We all need to save energy: for our wallets, for Ukraine and for our future. In desperate efforts to bring energy bills down to affordable levels, people try perilous things like flower pot heaters and lighting the indoors barbecue. Good government communication about safe energy savings is therefore potentially life-saving.
The government campaign focuses mainly on shorter showers: 2.5 minutes shorter showers save about 16 cents. Every little bit helps, of course, but this is just a tiny bit. It varies quite a bit per household, but about three quarters of household gas consumption is due to heating. More than half of the population has the heating on 20 degrees or higher: putting one degree lower saves about 170 euros a year.
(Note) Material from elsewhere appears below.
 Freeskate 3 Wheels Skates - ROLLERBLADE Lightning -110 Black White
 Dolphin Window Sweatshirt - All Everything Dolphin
But it is difficult to say exactly how much a particular measure will save. On the one hand because some houses are more or less insulated than others, but also because measures have spin-off effects. Thus it is calculated that the not using the oven saves 32 cents each time. Of course, it only does that if the alternative is a cold meal. If you cook on a (gas) stove, you also lose a few dimes. And the heat that comes from the oven also ensures that the heating can be temporarily lowered.
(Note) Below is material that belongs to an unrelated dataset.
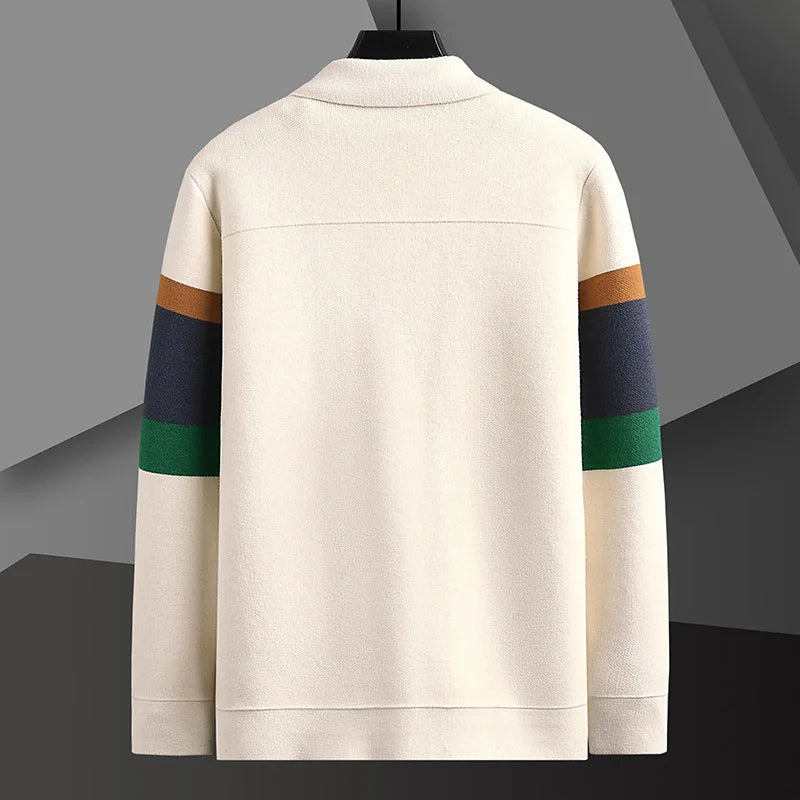 Striped Varsity Cardigan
Paradoxically, the best saving tip is to spend money. Have walls insulated or take solar panels or a hybrid heat pump: you have lost thousands of euros, but you will earn it back in five to ten years. The problem with this is, of course, that people who can no longer pay their energy bills cannot invest ten thousand euros at all, while columnists with a professor’s salary can, for example. These savings subsidies are therefore not suitable for energy poverty, but they are intended to further increase inequality.
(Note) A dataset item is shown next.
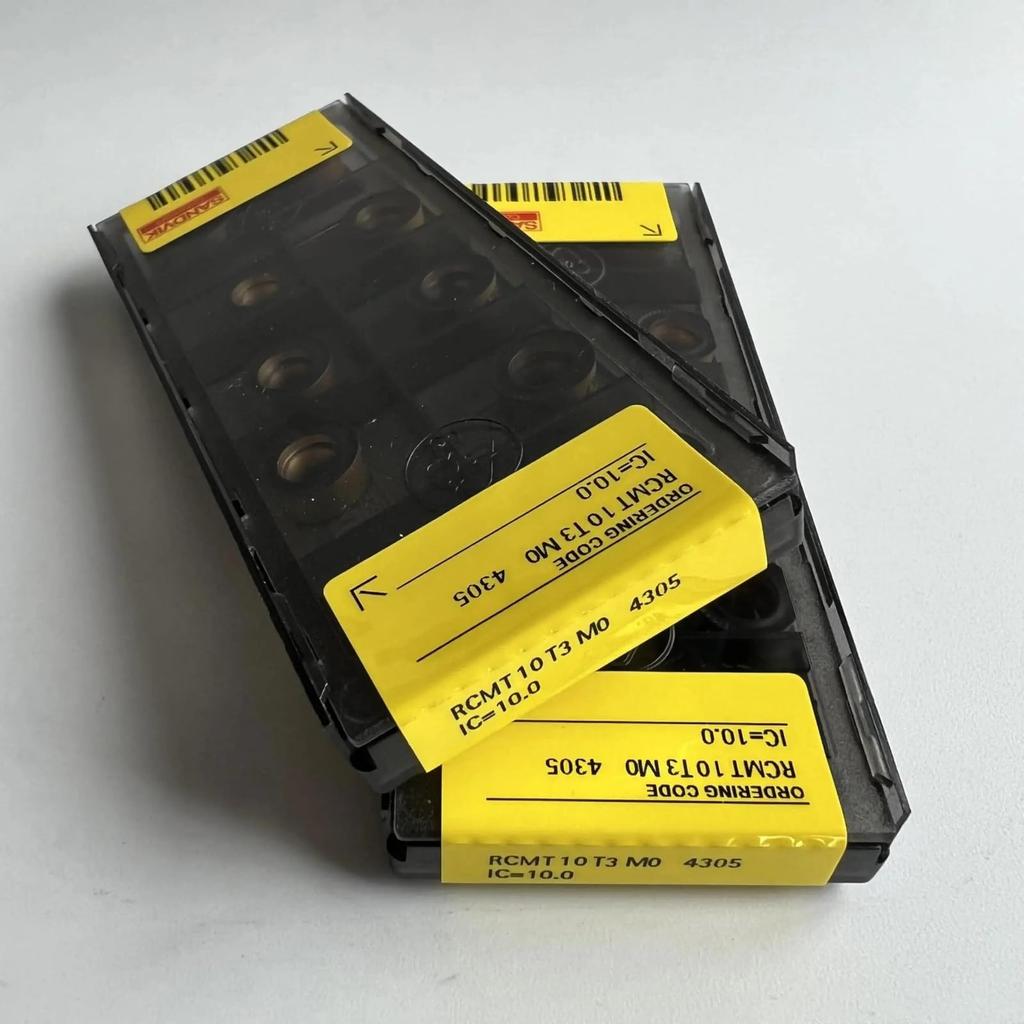 Original Sandvik / RCMT10T3M0 4305 / CNC Lathe Carbide Blade 10 PCS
Another point that is not reflected in government communication is energy consumption by non-households. A five-minute shower while we want to make sure that we can eat Dutch strawberries in energy-guzzling greenhouses, even in the middle of winter, feels like sticking a draft strip against the window while you leave the back door open.
If businesses and industry also reduce their energy consumption, this can also lead to lower energy bills for households: after all, the law of supply and demand states that the price falls when demand falls. It does not matter whether the demand falls because we shower en masse less or because we no longer buy bunches of flowers.
It would be good if the government would communicate better what consumers can do to make companies use less energy, because often little is known about this. Last year there was a lot of fuss about the possible arrival of a data center from Facebook to Zeewolde. It would consume as much power as half a million households – all needed so we can stream movies and do things in the cloud. Despite the massive outcry about such an energy guzzler, we have all continued to stream and use cloud services equally, because it is not visible enough what their energy impact is. And as long as one does not know what something ‘costs’, there is no tendency to use it economically. An information campaign that goes beyond taking shorter showers can help us take a step out of this crisis.
Casper Albers is professor of statistics at the University of Groningen.